Posted on 1/9/10 by Felix Geisendörfer

Update: As pointed out by mraleph from the v8 team in the comments, some of the analysis here is probably flawed. See his post for more details: Understanding hidden classes in v8 - real picture

With JSConf.eu coming closer, I slowly have to start preparing my talk, which mostly means hacking on node-dirty.

I have a few goals for the project. My main interest is challenging a few assumptions people have about the performance and complexity of database systems. Most of that is material for another post and my talk itself, but today I'd like to talk about hidden classes in v8.

One of the things that is really fast in v8 is property lookups.
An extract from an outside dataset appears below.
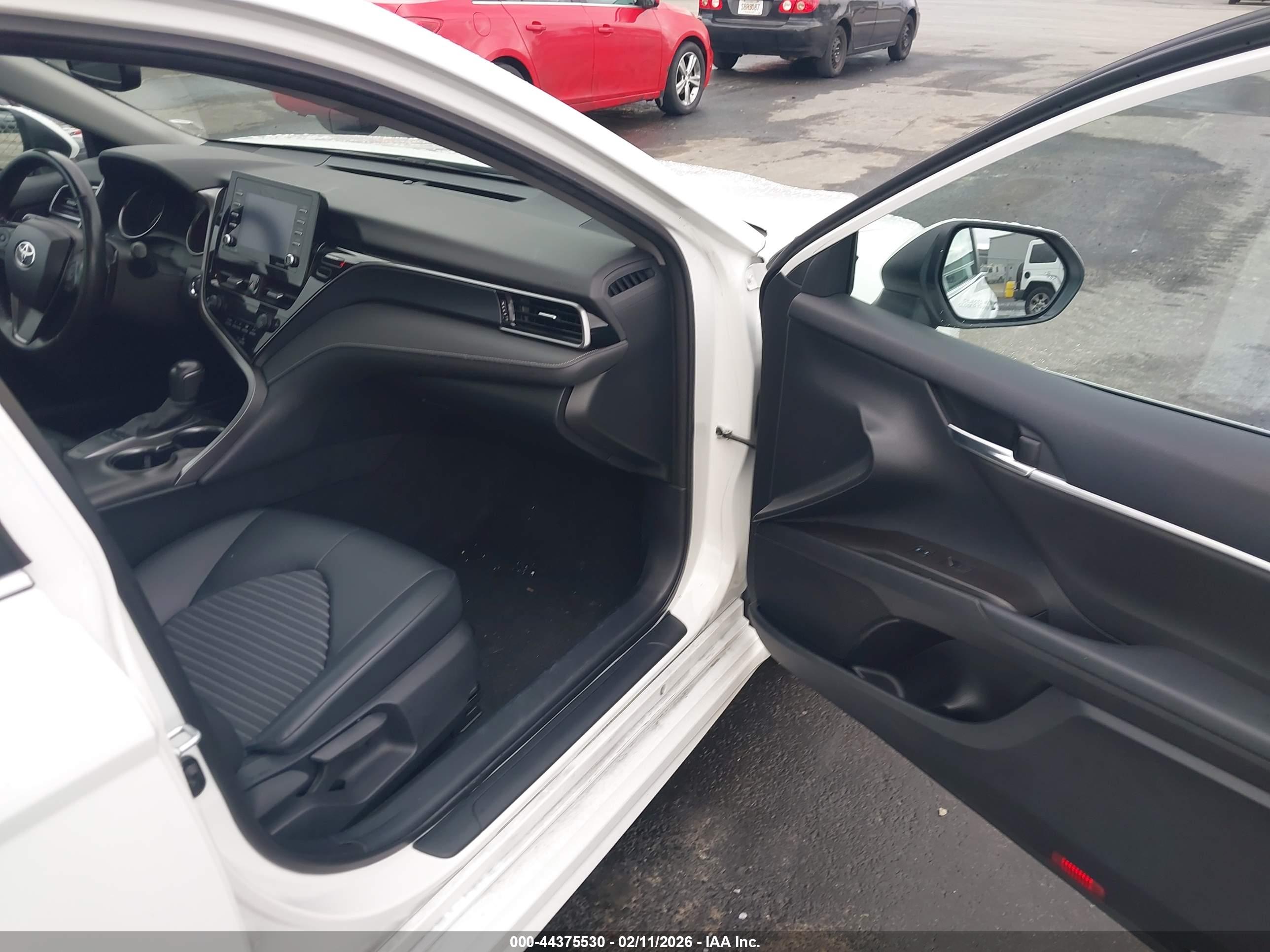 TOYOTA CAMRY image 5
This is due to an optimization that creates hidden classes for an object.

I could go into a lengthy explanation of how that works, but instead I'll invite you to see for yourself.

Consider the following two examples and guess which runs faster, and by how much:

Example 1:

var PROPERTIES = 10000000;
var o = {};

var start = +new Date;

for (var i = 0; i < PROPERTIES; i++) {
  o[i] = i;
}

console.log(+new Date - start);

Example 2:

var PROPERTIES = 10000000;

function O(size) {
  for (var i = 0; i < size; i++) {
    this[i] = null;
  }
}

var o = new O(PROPERTIES);

var start = +new Date;

for (var i = 0; i < PROPERTIES; i++) {
  o[i] = i;
}

console.log(+new Date - start);

If you have guessed example 2, congratulations! Bonus points if you have also guessed that example 2 is a nifty 10x faster than example 1.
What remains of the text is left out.